The book is a deep character analysis of the two main characters in the movie, Scott and Mike, but there are also moments of memoir interspersed with the talk of cinema. Working on this project, did you discover things about the movie you hadn’t noticed before, or remember anything from the 90s that you had forgotten?

Yes, so much! I hadn’t thought of [the R&B group] Color Me Badd, for example, for twenty-five years. I know My Own Private Idaho so well and had watched it so consistently over the course my life that I don’t think there was anything I discovered when I was writing the book that I hadn’t noticed before. But what the book did force me to do was consider the choices Gus Van Sant was making. Why did he cast Hollywood teen idols? Why were the johns in the film so eccentric? All of that.

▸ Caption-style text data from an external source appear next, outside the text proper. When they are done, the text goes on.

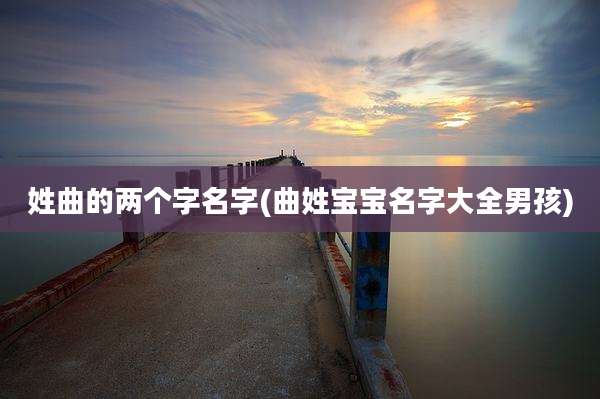 姓曲的两个字名字(曲姓宝宝名字大全男孩)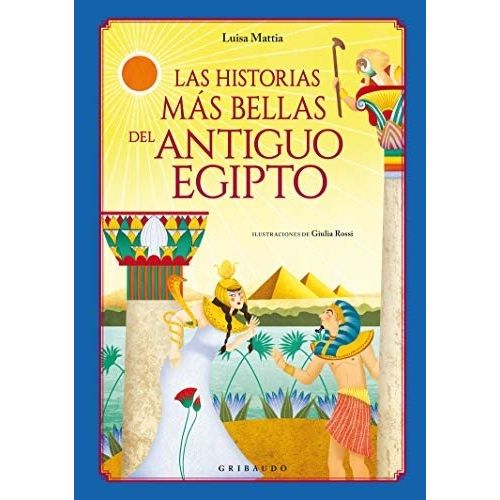 LAS HISTORIAS MAS BELLAS DEL ANTIGUO EGIPTO - MATIA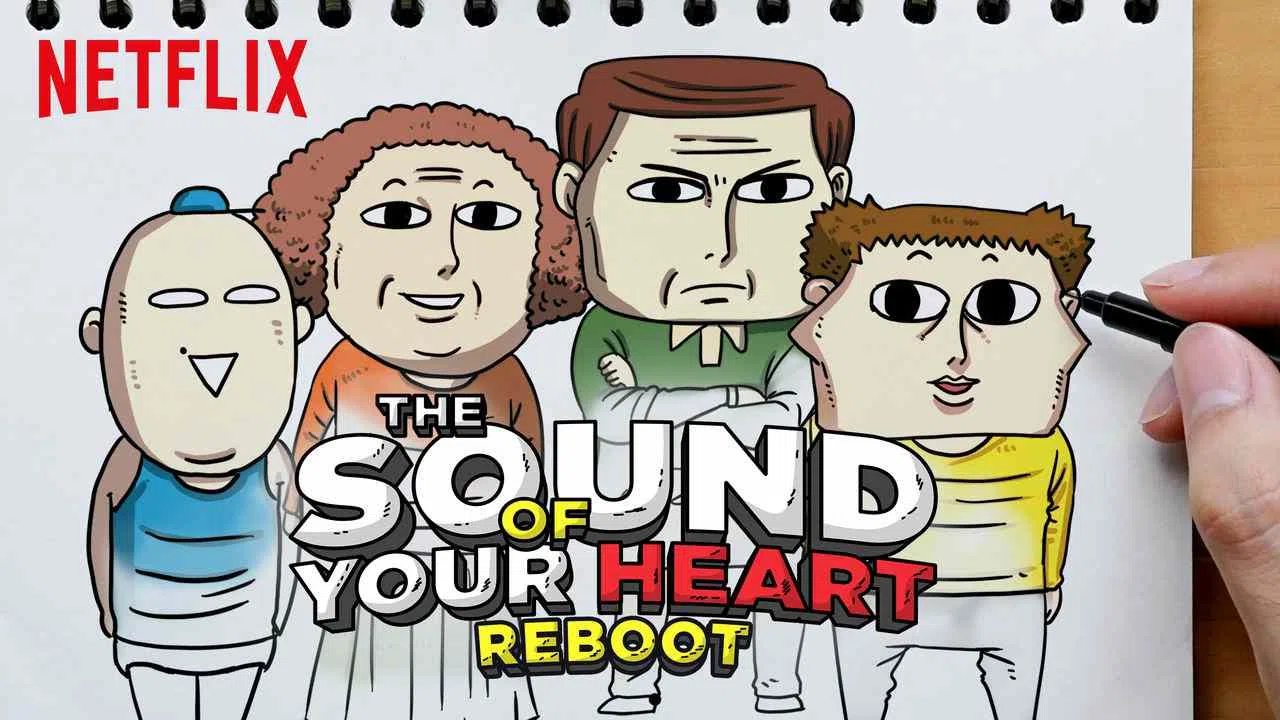 The Sound of Your Heart: Reboot2018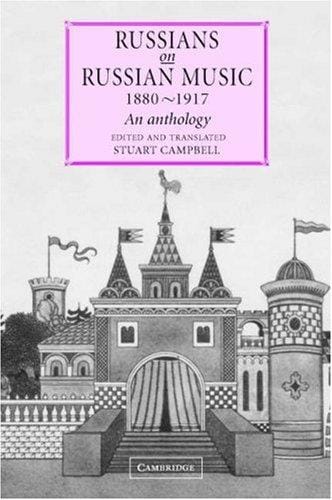 Russians on Russian Music, 18801917: An Anthology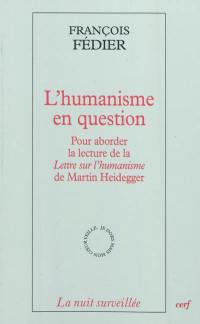 L'humanisme en question : pour aborder la lecture de la Lettre sur l'humanisme de Martin Heidegger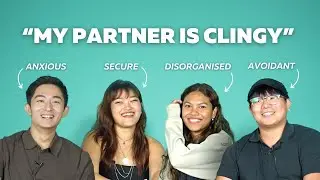 "I need my space but my partner is clingy" - Understanding Attachment Styles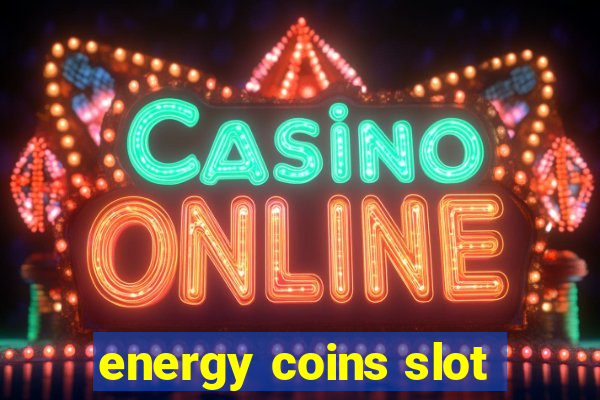 energy coins slot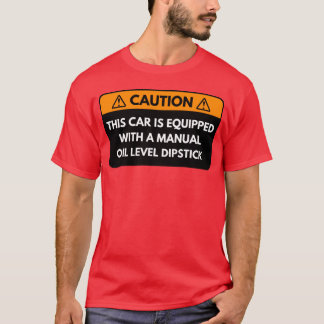 Deze auto is uitgerust met een handmatig oliepeil  t-shirt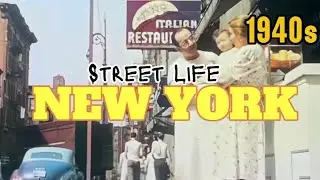 Street Life New York  1940s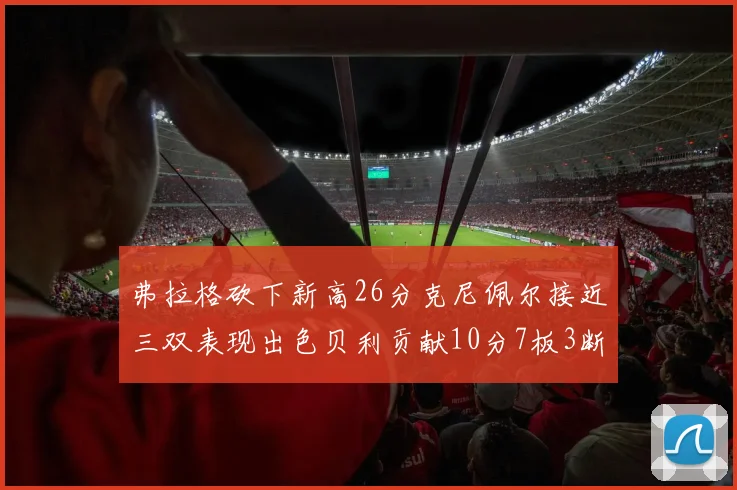弗拉格砍下新高26分克尼佩尔接近三双表现出色贝利贡献10分7板3断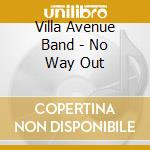 Villa Avenue Band - No Way Out cd
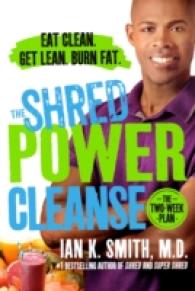 The Shred Power Cleanse : Eat Clean. Get Lean. Burn Fat. （1ST）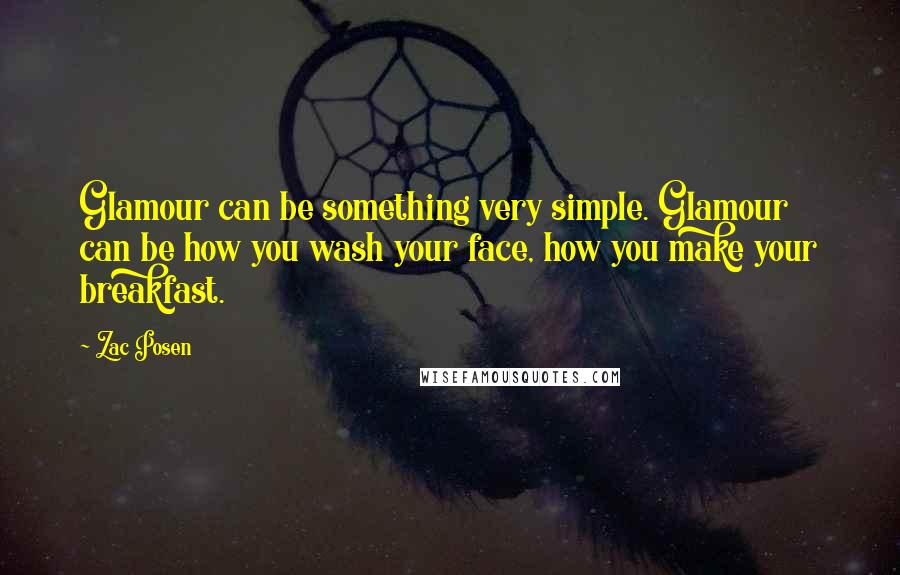 Zac Posen Quotes: Glamour can be something very simple. Glamour can be how you wash your face, how you make your breakfast.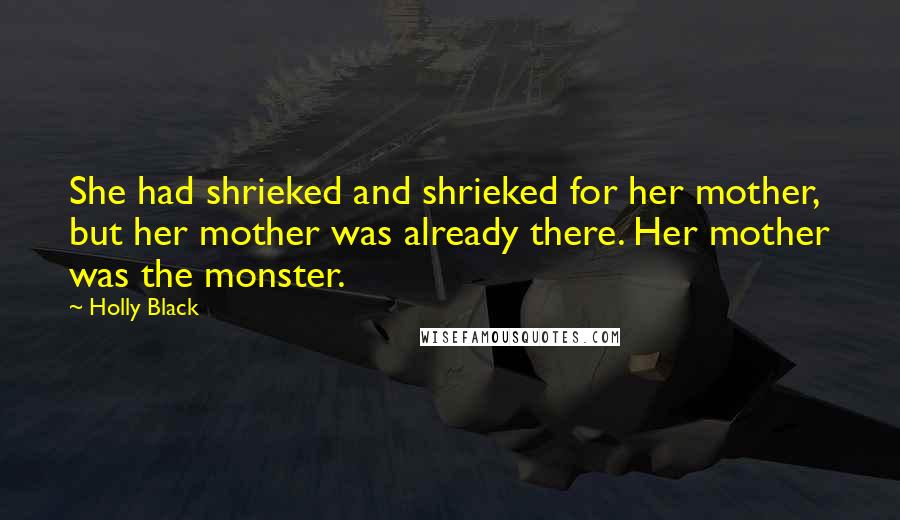 Holly Black Quotes: She had shrieked and shrieked for her mother, but her mother was already there. Her mother was the monster.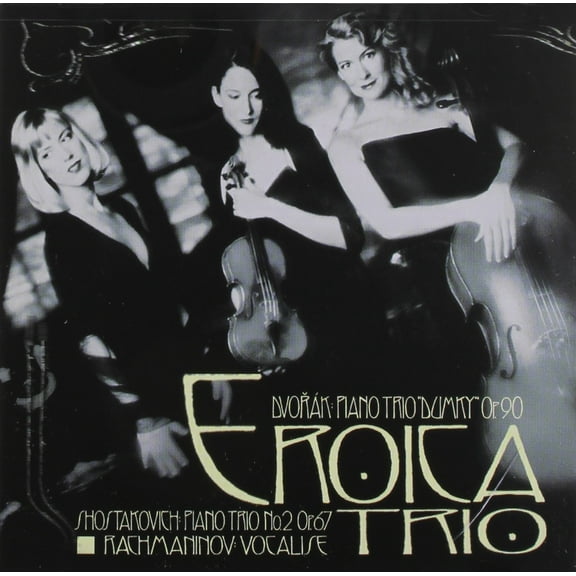 Dvorák: Piano Trio "Dumky"; Dmitri Shostakovich: Piano Trio No. 2; Sergei Rachmaninov: Vocalise (CD) by Eroica Trio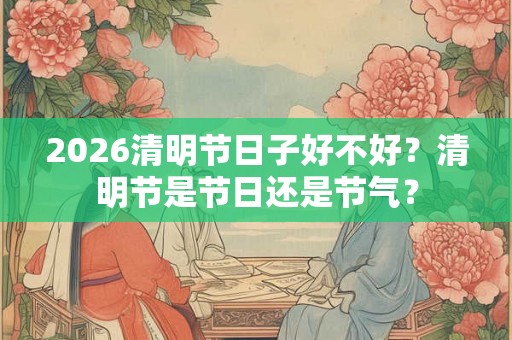 2026清明节日子好不好?清明节是节日还是节气? 2026清明节日子好不好?清明节是节日还是节气?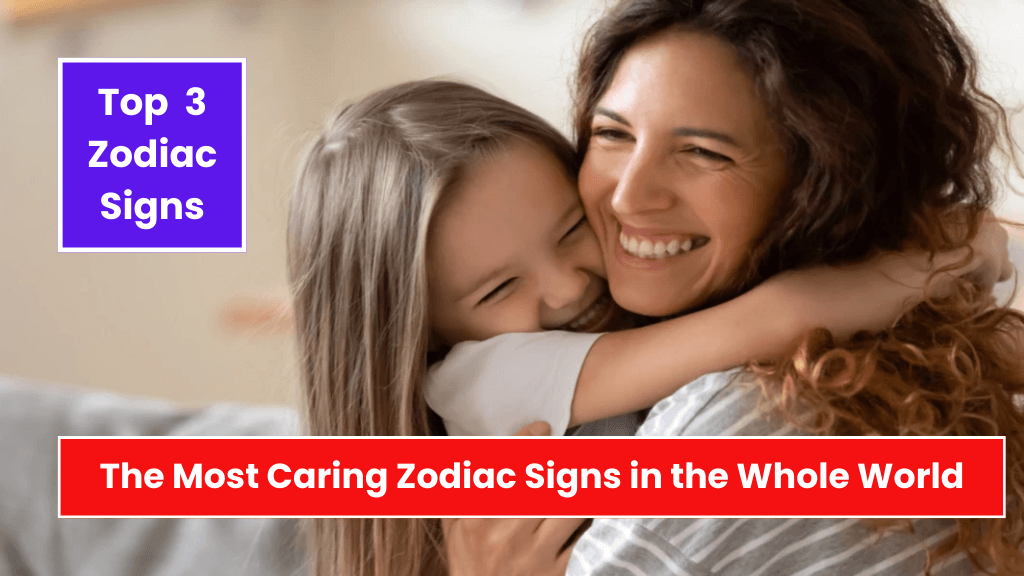 The 3 Most Caring Zodiac Signs in the Whole World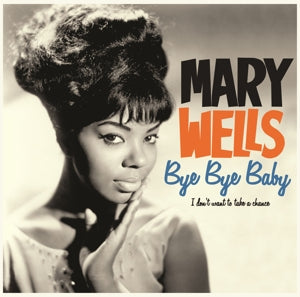 Wells, Mary - Bye Bye Baby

The film is an original in a lot of ways, to me at least. The 90s is the decade I grew up in too, but I never saw this movie until I was much older because of the content. What was it about the film My Own Private Idaho that made you want to write a book about it, and are there any other films you continue to return to?

My Own Private Idaho felt like the first cultural subversion I experienced and understood. I had been tentatively exploring the idea of the alternative, or of making choices based on a set of factors entirely separate from what my parents might consider. I saw the film when I was fifteen, which is a pivotal time for independent thinking, and it truly felt like a switch went off in my brain. All of a sudden, I wanted to subvert culture too! There are films that I have gone back to, but very few hold up. Dead Poets Society, for example, which I loved at fourteen, seems stalkery in 2017. If there was one other movie I could write about, it would be Singin’ In The Rain. I know. But Debbie Reynolds and Donald O’Connor!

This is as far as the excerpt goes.